Use ranges instead of listing every possible value:
# Instead of listing every value
ram: [4, 512] # This specifies a range from 4GB to 512GB
cpu: [2, 128] # This specifies a range from 2 to 128 cores
Or using the job label syntax:
runs-on: runs-on=${{ github.run_id }}/family=m7a+m7i+m7i-flex+r7i+c7i+c7a+r7a+t3+t3a/ram=4+512/cpu=2+128
Can I set default spot configurations for all jobs?
Yes, you can specify spot configuration in your runs-on.yml file rather than in each individual job:
# .github/runs-on.yml
runners:
my-custom-runner:
spot: lowest-price
family: ["m7a", "m7i", "r7i", "c7i", "c7a", "r7a", "t3", "t3a"]
ram: [4, 512]
cpu: [2, 128]
This can be further simplified using wildcard syntax:
# .github/runs-on.yml
runners:
my-custom-runner:
spot: lowest-price
family: ["m7*", "c7*", "r7*", "t3*"]
ram: [4, 512]
cpu: [2, 128]
AWS will automatically select the cheapest instance at the time of launch that meets your requirements.
How can I track costs per job, workflow, or repository?
RunsOn automatically tags EC2 instances with useful metadata like runs-on-workflow-job-name, runs-on-workflow-name, and runs-on-repo-full-name. You can use these tags in AWS Cost Explorer ↗ to break down costs by job, workflow, or repository.
To make these tags visible in Cost Explorer, you must first activate them as cost allocation tags ↗ in the AWS Billing console. Once activated, it can take up to 24 hours for the tags to appear in your cost reports.

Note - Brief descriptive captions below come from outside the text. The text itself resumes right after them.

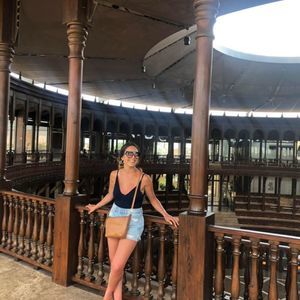 Meet your Posher, Fatima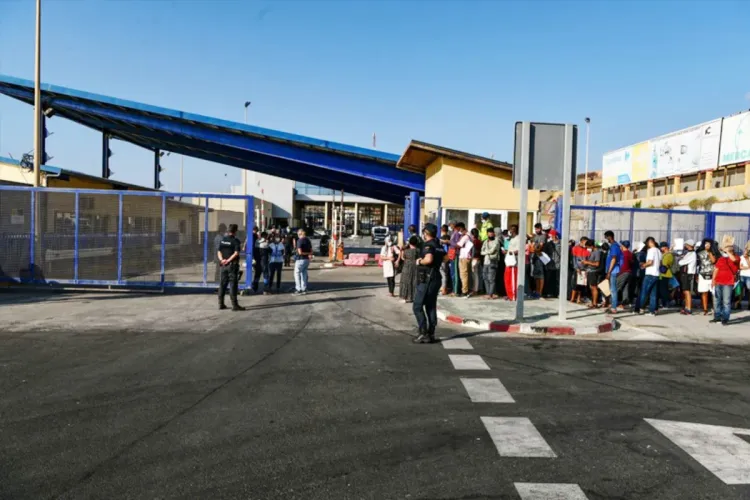 فتح الحدود البرية لسبتة ومليلية المحتلتين يوم الثلاثاء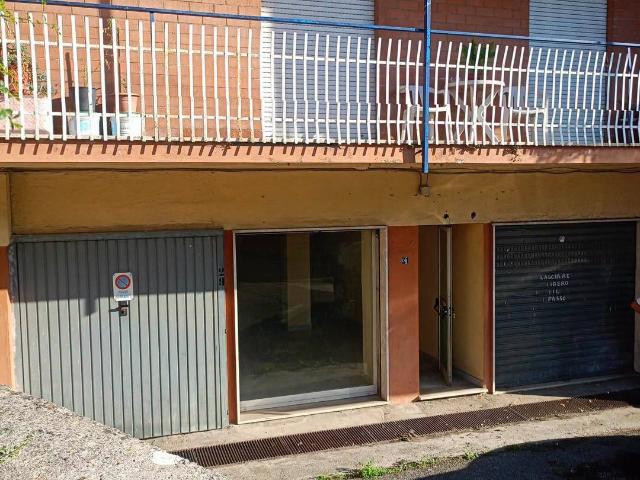 Box in vendita a Ceccano, Frosinone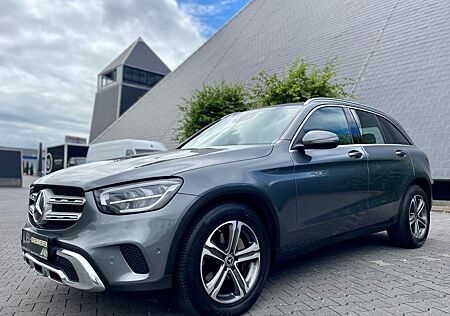Mercedes-Benz GLC 220 d 4Matic 1.Hand Panorama Head-Up Display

See Cost allocation and resource tags for the full list of default tags and how to add custom ones.
What results can I expect from these optimizations?
Users have reported significant cost reductions - in some cases reducing daily charges by 60% by implementing the lowest-price strategy and including more instance families like the m7 series.